Живым не верится, что живы... - Лазарь Лазарев
Шрифт:
Интервал:
Закладка:
Первое ранение. Уже получив пулю в ногу, Быков снова попадает под атаку немецких танков. «Нас набралось здесь человек сорок. Второпях мы вырыли в рыхлом снеге неглубокие ямки и залегли. Очень скоро из балки появились танки, их было одиннадцать, при виде нашей цепи они замедлили ход, а затем и остановились вовсе. Эта их остановка сначала обрадовала, а затем и озадачила нас: лучше бы они атаковали, мы бы тогда попытались отбиться гранатами. На расстоянии же они были для нас неуязвимыми, зато вполне уязвимы для них были мы. Не раз мне на фронте приходилось переживать подобную ситуацию. Так было и потом, в конце 44-го, при втором моем ранении под Балатоном в Венгрии, когда танки с близкого расстояния, буквально за несколько минут выбили залегший на мерзлой земле батальон. Снарядов они не жалели, времени у них было в достатке, впрочем, как и сноровки тоже. Они расстреливали нас методически, аккуратно по снаряду посылая в каждого бойца, и спустя четверть часа вместо нашей цепи на снегу чернел ряд кровавых разрывов с разметанными вокруг комьями мерзлой земли».

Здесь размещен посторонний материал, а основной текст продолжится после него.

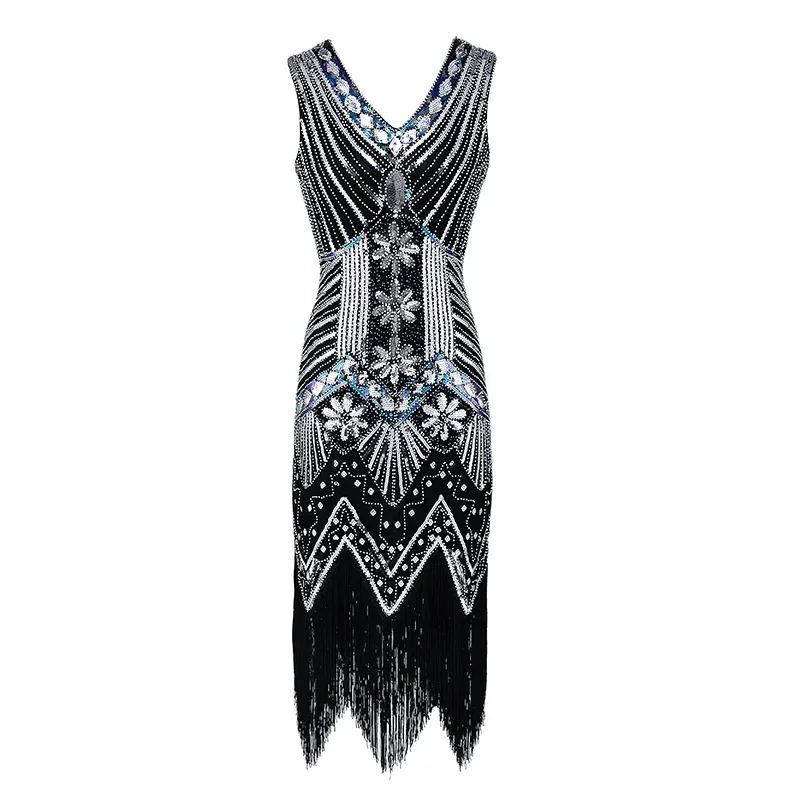 Flapper Great Gatsby V-Neck Sleeveless Party Dress Vestidos Dancing Club Sequin Beaded Style Style Tassel Flapper 1920s Vintage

Сам Быков часто говорил, что пережил на войне то, что выпадало на долю любого фронтовика-окопника. А что такое судьба солдата и офицера переднего края — любого?.. Рассказывая к случаю — в интервью, в статьях — о своей фронтовой юности, вспоминая однополчан, кто был с ним рядом в кровавых боях, как часто Быков эти воспоминания завершает горьким «погиб»: «В тот же день под вечер начался затяжной бой за очередной городок, вскоре погиб капитан Кохан…»; «…Ни одному из них не удалось дожить до Победы. Первый погиб на Днепре в 1943 году, последний — 27 апреля сорок пятого года в австрийских Альпах…»; «В той же братской могиле оказался и мой командир роты лейтенант Миргород, имя которого носит теперь пионерская дружина местной школы. Недалеко от тех мест похоронен командир нашего батальона капитан Смирнов. Ненамного переживший своего командира роты, по соседству с ними покоится прах командира полка майора Казарина, скончавшегося от ран в медсанбате».

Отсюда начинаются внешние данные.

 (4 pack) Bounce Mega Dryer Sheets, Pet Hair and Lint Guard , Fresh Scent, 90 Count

Только пережив все это, можно было потом рассказать правду о том, что было на душе у молодого офицера, умиравшего под зимними звездами.
Миллионы сложивших голову на поле боя для Быкова не абстрактная цифра. Он хотел в своих книгах воссоздать войну, какой она была на переднем крае, когда шел ожесточенный бой за какую-то безвестную высотку, в партизанских отрядах, сражавшихся не на жизнь, а на смерть с карателями, полицаями в белорусских селах, оказавшихся под властью оккупантов.

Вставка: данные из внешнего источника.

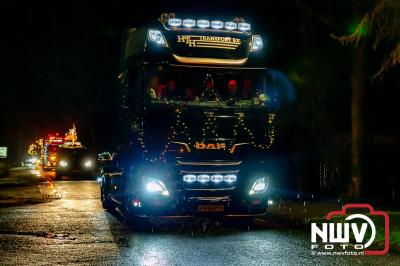 Sfeervolle truckers lichtjesparade toerde zaterdagavond door de gemeente Oldebroek. - © NWVFoto.nl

Пилот, чтобы точно выдержать нужный курс, должен постоянно сверять его с сигналами радиомаяка. Для Быкова таким «радиомаяком», по которому он ориентировал свой «курс», был его фронтовой окопный опыт, то, что он пережил и видел на войне. Конечно, многое он услышал и узнал о тех годах уже в послевоенную пору (он ведь не был партизаном, хотя все поздние его вещи — о том, что происходило за линией фронта), но характер этих добытых знаний во многом определялся все же опытом лейтенанта Быкова.
«Через войну, — говорил о Быкове Даниил Гранин, — автор открывает военной литературе новые возможности. Через войну автор раскрывает историю деревни, судьбы людей, важнейшие социальные и нравственные процессы предшествующих войне десятилетий. И выясняется, что многое можно увидеть и понять только через войну. Трагедия войны открыла такие глубины народной истории, до которых, кажется, никаким иным способом нельзя добраться. Оказалось, что это такой лемех, который далеко достает, многое вывернул на поверхность».
Характеризуя художественную структуру первых вещей Быкова, критика числила их по разряду лирической прозы, к которой относили всю «лейтенантскую литературу», ставшую заметным явлением на рубеже 50–60-х годов. Для этого были серьезные основания: его первым произведениям присущ проникновенный лиризм, нередко реализовавший в повествовании от первого лица, психологизм, добротное бытописание. Эти свойства Быков в последующие годы не только не утратил, а оттачивал и совершенствовал. Но в его повестях была еще одна существенная особенность, быть может, поначалу недостаточно проявившаяся и потому не сразу замеченная, но чем дальше, тем больше она главенствовала, выходила на первый план, бросалась в глаза. Именно она определила природу, жанровое и стилевое своеобразие его поздней зрелой прозы. Пожалуй, самое подходящее определение для этих его повестей — нравственно-философские. Их отличает сосредоточенный, концентрированный интерес к общечеловеческим проблемам.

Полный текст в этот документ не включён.